Today’s daf (Beitzah 27a) provides a great example of this where, having previously discussed (see Beitzah 26b) the mukzeh status of an item that – through its contact with the natural world – switched from being edible (non-mukzeh) to non-edible (mukzeh) to edible (non-mukzeh) on Shabbat, Rav Zeira suggested that that food which is cooked on Yom Tov often undergoes a similar process. To this, Abaye responds and says that were such an extension to be made to the act of cooking on Yom Tov, all Yom Tov cooking would be problematic. This is because, ‘in general, pots are boiling hot during the twilight period, yet we partake of them in the evening [after they cool down]’.

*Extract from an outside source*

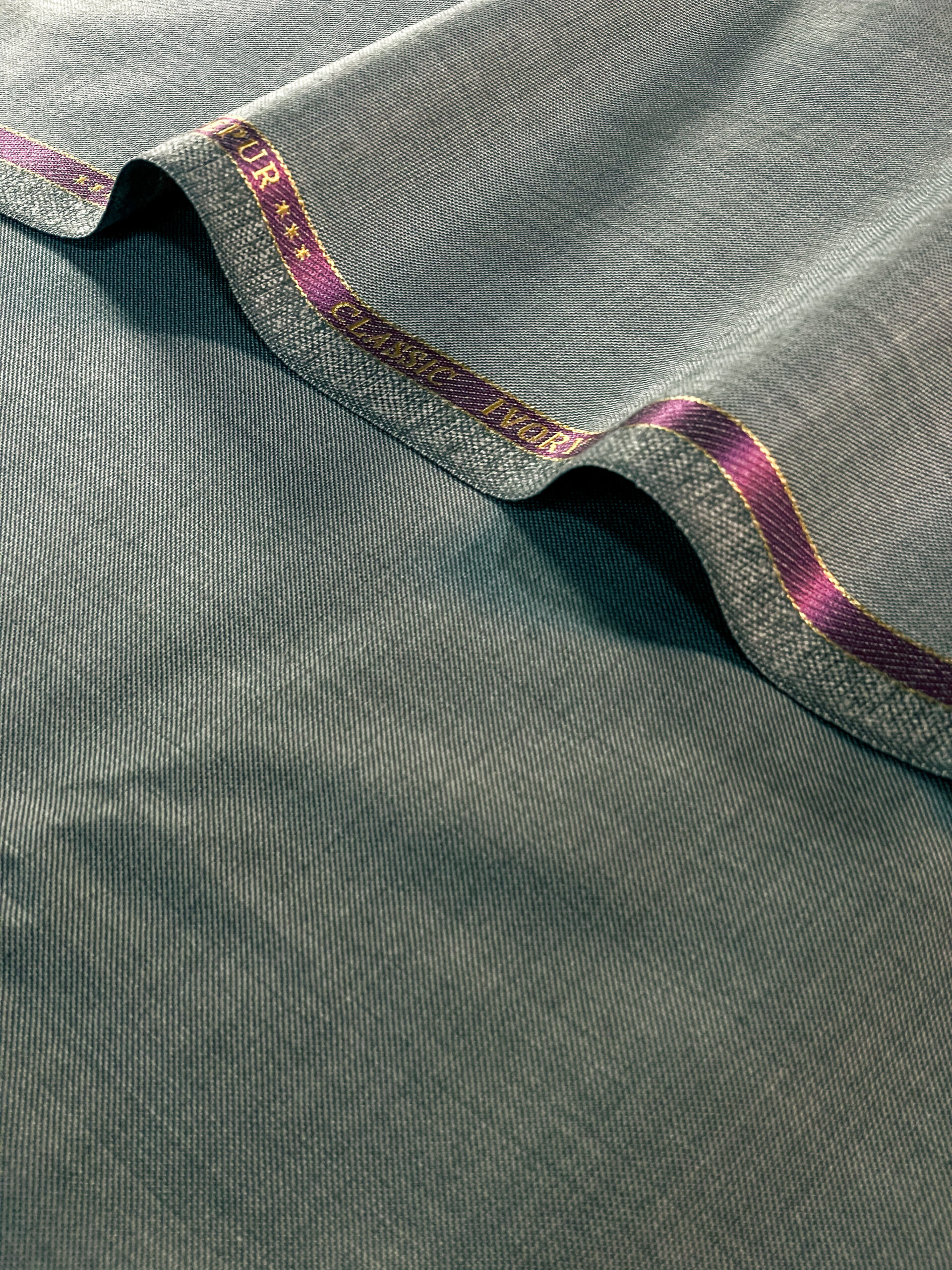 Lawrencepur - Classic Ivory Suiting Fabric (Lt Grey)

Given all this, the Gemara explains that, ‘we have no question about [the mukzeh status of] something whose completion is in human hands. So in which situations do we have a question? When we are dealing with [the mukzeh status of] something whose completion is in the hands of Heaven.’
However, I should point out that in order to help explain this reply I added some parentheses, and what the Gemara actually says is: ‘we have no question about something whose completion is in human hands. So in which situations do we have a question? When we are dealing with something whose completion is in the hands of Heaven’.
Clearly, this remark is rich with theological meaning – but all the more so when we understand it as a critical remark. And this is because, far too often, we ignore the human role in events and don’t bother asking probing questions concerning the role that humans play in terms of their responsibility to provide for the hungry and the vulnerable. Instead, we only ask questions about what we think God should be doing in the present, or should have done in the past.
Yet not only are such responses irresponsible, but they undermine the very message of the Tanach which, though it begins with magnificent stories including the miraculous exodus of Egypt, it then pivots and speaks of a more natural existence with an emphasis on human responsibility once the Jewish people enter the land of Israel. As Rabbi Sacks explains, ‘Jewish history begins in miracles, but culminates in human responsibility. What changes us is not what is done for us by God, but what we do in response to his call’ (To Heal a Fractured World p. 160).
But why is this so? Why do we expect that life be full of miracles and that God solve all the problems of the world when the Torah itself does not paint such a picture? Why do ‘we have no questions about something whose completion is in human hands… [but] we have a question[s] when we are dealing with something whose completion is in the hands of Heaven’?
While I am sure that there are many answers to this question, I believe that one of them is actually based on the fact that most of us haven’t studied most of the Torah, even fewer of us have studied the Tanach, and all we know of our sacred texts are the stories relating to divine miracles, and not the teachings relating to human responsibility.
This fact was brought home just yesterday when the Israeli journalist Amalya Duek posted how, just prior to last Simchat Torah while organizing her books at home, she found the Tanach that she had been given for her batmitzvah and began reading the weekly Torah portion. Over time this became a fixed part of her week, and this week she completed her reading of the whole Torah for the first time. And what were her conclusions? As she explained, ‘truth be told, I was uncomfortably surprised to find out how little I was taught, and how little of that little I really remembered.’
Given this, as we are about to celebrate Simchat Torah, let us commit ourselves to study Torah; not just the stories about divine miracles, but also those about human responsibility. And while doing so, let us put those teachings into practice because, ‘what changes us is not what is done for us by God, but what we do in response to his call’.